As readers may have guessed, I am fascinated by engineering, from the tiny (chip design) to the massive (ships, planes, etc). This means that a resource such as the archives of 'The Engineer' are so superb. The journal started in 1856, and is still being published.
In an 1859 issue a commentator goes into the steam explosion that killed six men on the first voyage of Isambard Kingdom Brunel's flawed masterpiece, the Great Eastern. The Great Eastern was the largest ship ever built when launched in 1858, and her size was only surpassed in 1899. I used to live on the Isle of Dogs in London, and near to my flat were massive hunks of timber that had once formed part of the slipway of this gigantic ship.
I had heard of this explosion, but had never read a first-hand account of it. Some of the language used in the report is fascinating. For example, the following description describes the design flaw that was the main cause of the disaster. Imagine it being read by an irate Victorian man; there is a certain magic to it that is rarely present in reports nowadays.

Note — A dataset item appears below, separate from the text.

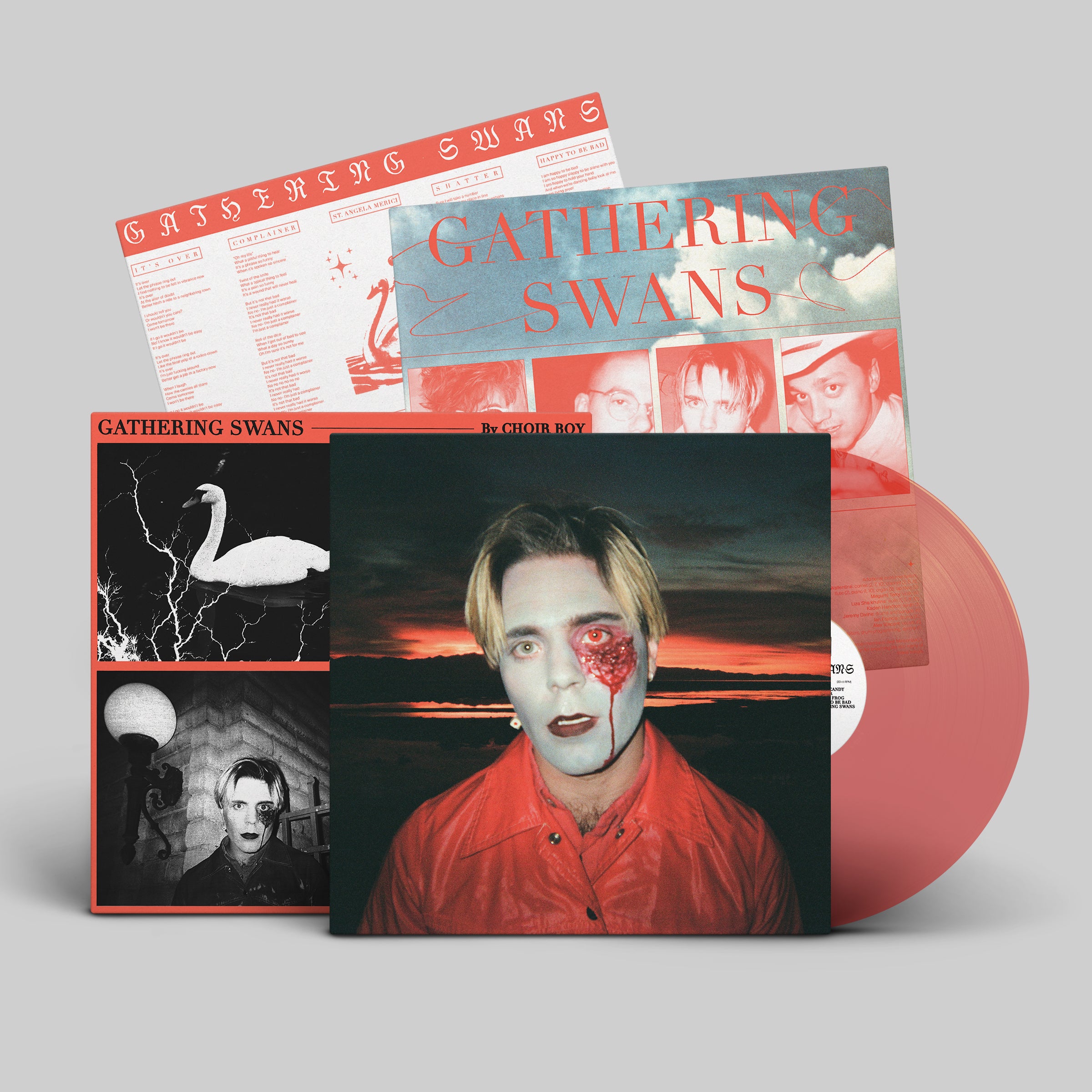 dais-vinyl-gathering-swans-lp-vinyle-bleu-clair-ltd-200 image 5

But we were told there was a safety-valve to this heater, and that the cock leading to it was shut. A cock leading to a safety-valve! an instrument which being ignorantly turned by a man could defeat the functions of the very device intended to circumvent the forgetfulness and unreliability of man! The very existence of such an arrangement was barbarous.It continues, stating that there were other flaws:
Even had the most extraordinary vigilance been exercised, an ignorant stoker had it in his power, by the simple turning of a cock, to blow up the ship.Basically, the explosion occurred because steam pressure built up in an enclosed space. That space had a safety valve, but before that there was also a stop-cock. Close the stop-cock, and the safety valve would not work, allowing pressure to build up. Other failures meant that even if the safety valve cock had been open, an explosion could have occurred at any time. It is strange that after 150 years reports on engineering failures often have the same tone: disbelief that the engineers had not thought of something that is obvious with hindsight.
Six men died in the accident. Brunel himself died from the effects of a stroke a few days later. The Great Eastern itself was a failure; it really only achieved success as a transatlantic cable layer. It was too grand a vision; it pushed the limits of engineering too far. Yet for those very reasons I will always have a soft spot for her.

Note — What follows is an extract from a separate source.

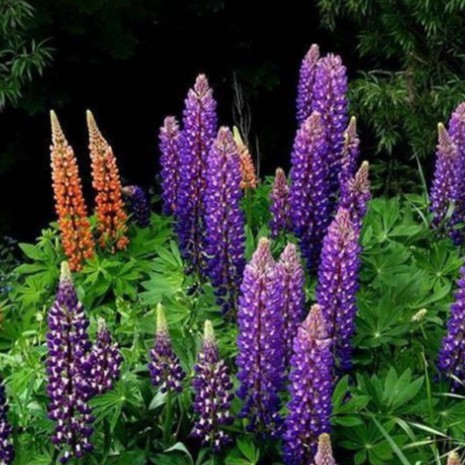 Hạt Giống Hoa Đậu Lupin (gói 100 hạt, tặng phân)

Brunel had built two earlier great ships; the Great Western (1837) and the Great Britain (1843). All three ships were innovative; The Great Western was the first purpose-built transatlantic steamship; the Great Britain was the first ocean-going ship to have an iron hull and a screw propeller, it was also the largest vessel afloat when launched; and the Great Eastern was simply gigantic.
By a fantastic quirk of fate the Great Britain is still in existence. It spent 84 years as a hulk in the Falkland Islands before being brought back to the UK on a barge in 1970. It has now been cosmetically repaired, and sits magnificently in her original dry dock in Bristol. The award-winning museum is excellent, and is well worth a visit. The picture to the left shows her in her dry dock; it is difficult to get an image that adequately conveys her scale.
One of the fascinating things about the Great Britain is the way she was on the cusp of change; the change from wooden-hulled to iron-hulled ships; from sail to steam; and from paddle wheels to screw propeller. It took a visionary like Brunel to fit all of these together into one ship.